**Given records**
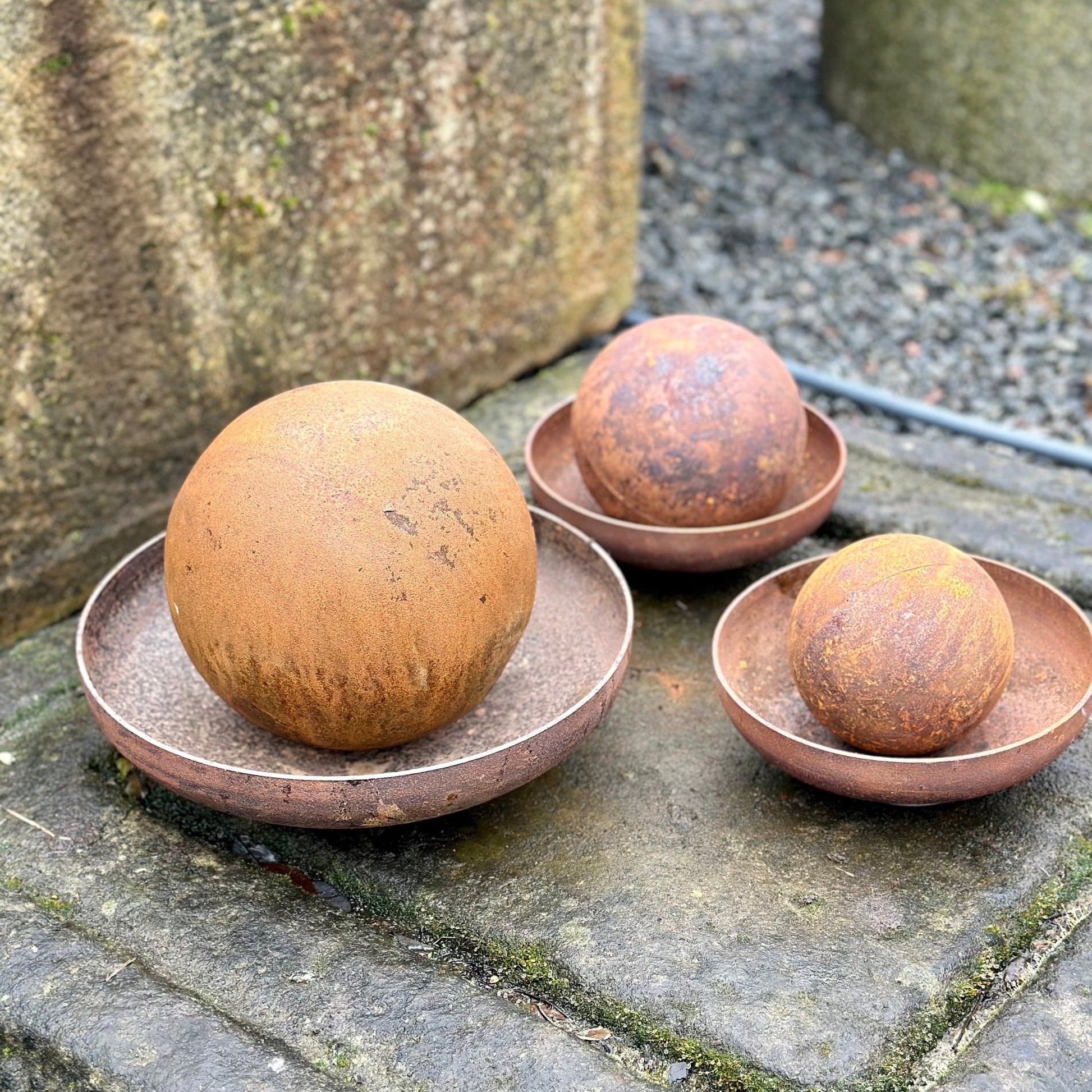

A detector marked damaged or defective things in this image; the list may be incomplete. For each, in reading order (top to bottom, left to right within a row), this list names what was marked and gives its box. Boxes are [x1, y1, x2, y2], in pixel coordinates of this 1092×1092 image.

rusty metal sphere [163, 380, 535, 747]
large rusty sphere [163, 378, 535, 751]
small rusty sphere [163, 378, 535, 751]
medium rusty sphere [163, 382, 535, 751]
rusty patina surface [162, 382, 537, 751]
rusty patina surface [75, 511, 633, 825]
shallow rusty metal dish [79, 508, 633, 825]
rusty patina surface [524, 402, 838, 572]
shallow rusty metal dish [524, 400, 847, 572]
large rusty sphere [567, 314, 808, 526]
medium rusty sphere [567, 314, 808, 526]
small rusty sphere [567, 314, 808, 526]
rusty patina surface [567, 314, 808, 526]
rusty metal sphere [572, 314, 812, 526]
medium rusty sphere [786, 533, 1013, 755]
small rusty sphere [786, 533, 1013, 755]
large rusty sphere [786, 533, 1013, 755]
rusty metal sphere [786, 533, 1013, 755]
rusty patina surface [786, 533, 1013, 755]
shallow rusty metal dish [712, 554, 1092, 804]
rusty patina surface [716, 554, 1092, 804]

**Description of the task**
A precise repetition of every entry, free of pictures, is the expected answer.

**Result of this exercise**
A detector marked damaged or defective things in this image; the list may be incomplete. For each, in reading order (top to bottom, left to right within a row), this list names what was marked and gives its box. Boxes are [x1, y1, x2, y2], in pixel coordinates of this 1092×1092 image.

rusty metal sphere [163, 380, 535, 747]
large rusty sphere [163, 378, 535, 751]
small rusty sphere [163, 378, 535, 751]
medium rusty sphere [163, 382, 535, 751]
rusty patina surface [162, 382, 537, 751]
rusty patina surface [75, 511, 633, 825]
shallow rusty metal dish [79, 508, 633, 825]
rusty patina surface [524, 402, 838, 572]
shallow rusty metal dish [524, 400, 847, 572]
large rusty sphere [567, 314, 808, 526]
medium rusty sphere [567, 314, 808, 526]
small rusty sphere [567, 314, 808, 526]
rusty patina surface [567, 314, 808, 526]
rusty metal sphere [572, 314, 812, 526]
medium rusty sphere [786, 533, 1013, 755]
small rusty sphere [786, 533, 1013, 755]
large rusty sphere [786, 533, 1013, 755]
rusty metal sphere [786, 533, 1013, 755]
rusty patina surface [786, 533, 1013, 755]
shallow rusty metal dish [712, 554, 1092, 804]
rusty patina surface [716, 554, 1092, 804]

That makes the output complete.